The problem
A verbatim reproduction of the lines below, from the line containing "Nurse Adjusting Iv" through the line containing "Living area featuring", both ends included, is the whole required output.

Records for this exercise
● ● ● ● ●

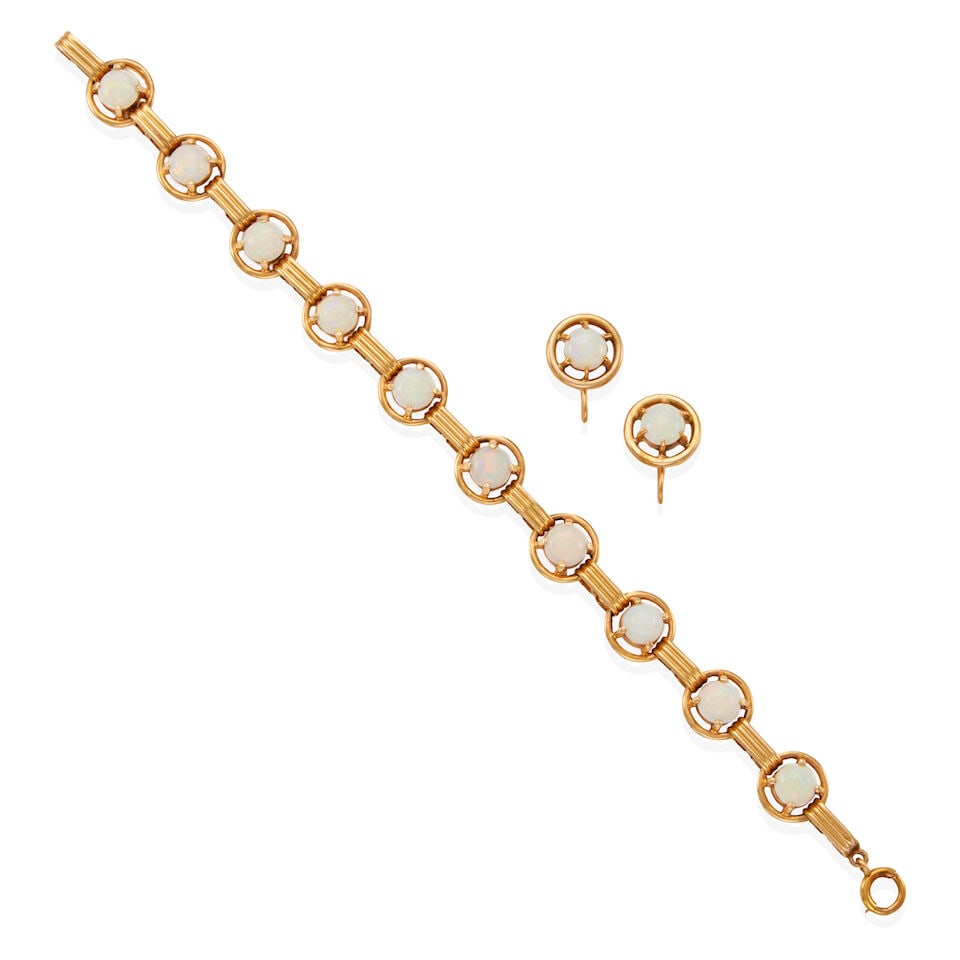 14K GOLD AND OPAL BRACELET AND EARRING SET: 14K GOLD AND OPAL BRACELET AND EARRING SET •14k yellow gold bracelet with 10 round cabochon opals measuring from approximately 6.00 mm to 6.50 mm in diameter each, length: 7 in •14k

● ● ● ● ●

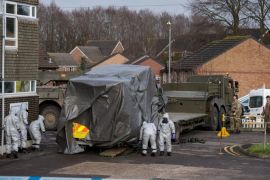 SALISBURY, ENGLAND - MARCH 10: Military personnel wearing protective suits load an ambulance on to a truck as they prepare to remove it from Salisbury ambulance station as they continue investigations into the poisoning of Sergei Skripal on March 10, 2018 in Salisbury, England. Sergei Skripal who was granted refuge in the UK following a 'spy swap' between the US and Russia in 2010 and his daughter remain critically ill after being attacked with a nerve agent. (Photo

● ● ● ● ●

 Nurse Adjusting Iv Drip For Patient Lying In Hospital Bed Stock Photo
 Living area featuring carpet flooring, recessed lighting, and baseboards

● ● ● ● ●

Exercise answer
 Nurse Adjusting Iv Drip For Patient Lying In Hospital Bed Stock Photo
 Living area featuring carpet flooring, recessed lighting, and baseboards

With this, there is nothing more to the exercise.